There is a single global hierarchy: feedforward inputs and feedback filters pass through the same levels of search and composition. Each higher level is a nested hierarchy, with depth proportional to elevation, but sub-hierarchies are unfolded sequentially. That’s why I don’t have many diagrams: they are good at showing relations in 2D, but I have a simple 1D sequence of levels. Nested sub-hierarchies are generated by the process itself, depending on elevation in a higher-order hierarchy. That means I can’t show them in a generic diagram.

Brain-inspired schemes have separate sensory and motor hierarchies, in mine they combined into one. The equivalent of motor patterns in my scheme are positional filter patterns, which ultimately move the sensor. The first level is co-located sensors: targets of input filters, and more coarse actuators: targets of positional filters. I can think of two reasons they are separated in the brain: neurons and axons are unidirectional, and training process has to take the whole hierarchy off-line. Neither constraint applies to my scheme.

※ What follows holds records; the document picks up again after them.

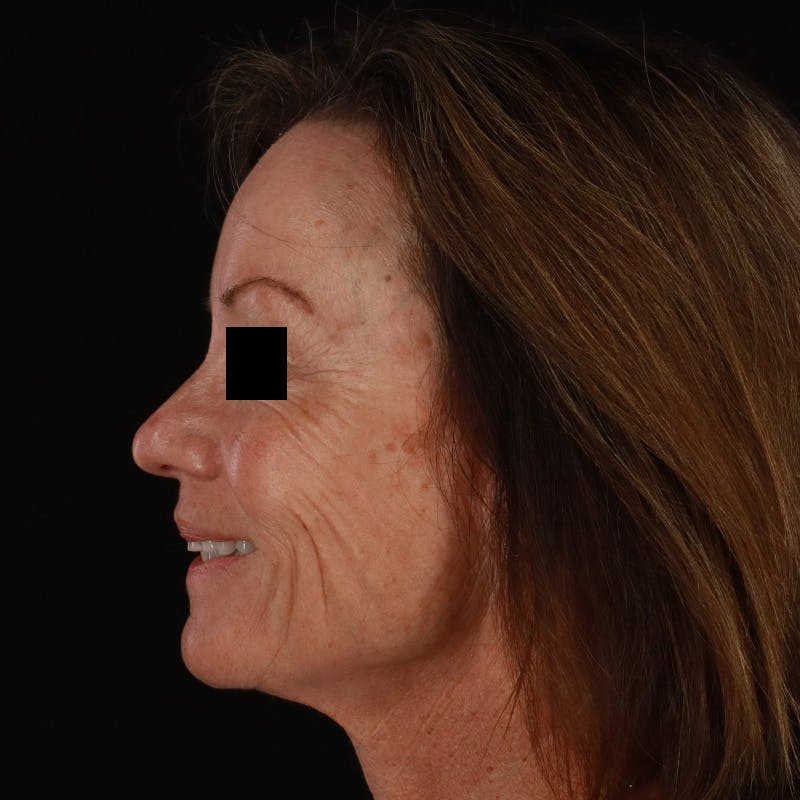 Sculptra Before & After Gallery - Patient 309702 - Image 10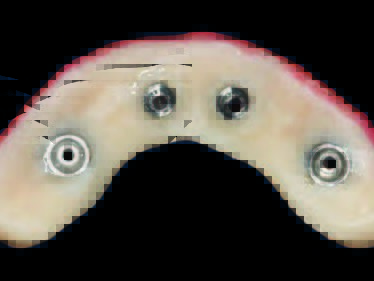 Versäubertes PMMA-Provisorium von basal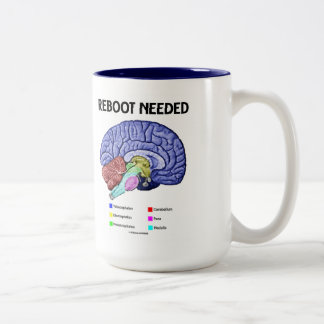 Erforderlicher Neustart (anatomischer Spaß des Geh Zweifarbige Tasse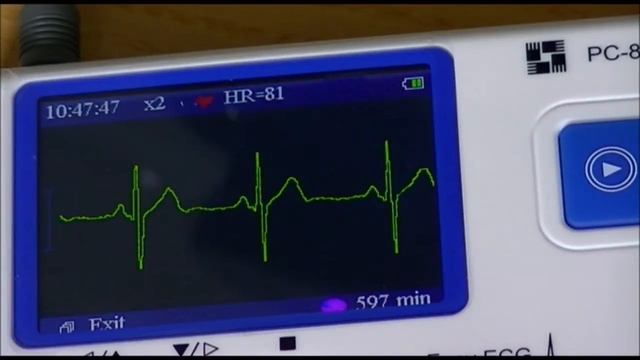 PC-80B ECG / md100 / md100E / md100B смотреть онлайн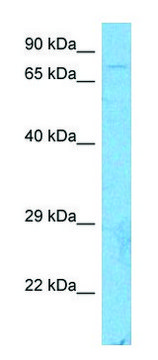 Anti-CUL3 (C-terminal) antibody produced in rabbit affinity isolated antibody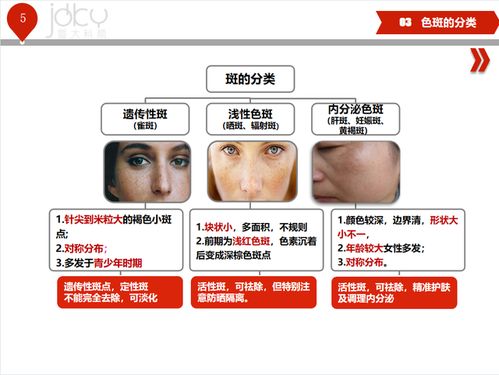 了解皮肤种类(皮肤类型讲解),第3张 了解皮肤种类(皮肤类型讲解),了解皮肤种类(皮肤类型讲解),第3张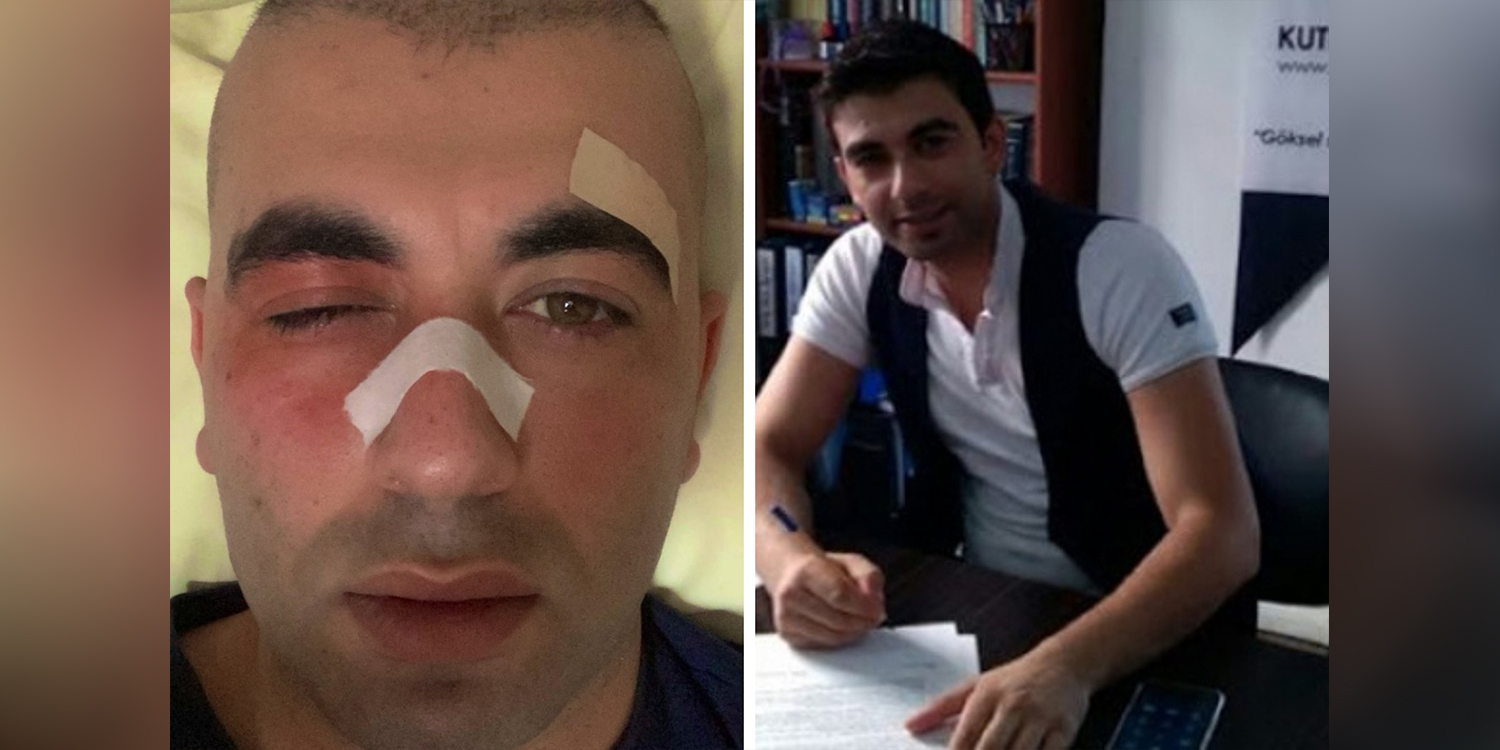 Kurdish author Gökhan Yavuzel on the attack in Wales: ‘This was a pre-planned assault’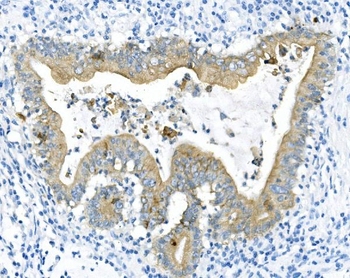 Cytokeratin 8 KRT8 Mouse Monoclonal Antibody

Final algorithm will consist of first-level operations + recursive increment in operations per level. The latter is a meta-algorithm that extends working level-algorithm, to handle derivatives added to current inputs. So, the levels are: 1st level: G(x), 2nd level: F(G)(x), 3rd level: F(F(G))(x).., where F() is the recursive code increment. Resulting hierarchy is a pipeline: patterns are outputted to the next level, forming a new level if there is none. As long as there are novel inputs, higher levels will discover longer-range spatio-temporal and then conceptual patterns.

Please see system diagram.

Some notes:

  • There should be a unique set of operations added per level, hence a singular in “cognitive algorithm”.
  • Core design must be done theoretically: generality requires large upfront investment in process complexity, which makes it a huge overkill for any specific task. That’s one reason why such schemes are not explored.
  • Many readers note disconnect between abstractions in this outline, and the amount of detail in current code. That’s because we are in space-time continuum: search must follow proximity in each dimension, which requires specific processing. It’s not specific to vision, the process is mostly the same for all raw modalities.
  • Another complaint is that I don't use mathematical notation, but it simply doesn't have the flexibility to express deeply conditional process, with recursively increasing complexity.
  • Most people who aspire to work on AGI think in terms behavior and robotics. I think this is far too coarse to make progress, the most significant mechanisms are on the level of perception. Feedforward (perception) must drive feedback (action), not the other way around.
  • Other distractions are supervision and reinforcement. These are optional task-specific add-ons, core cognitive process is unsupervised pattern discovery, and main problem here is scaling in complexity.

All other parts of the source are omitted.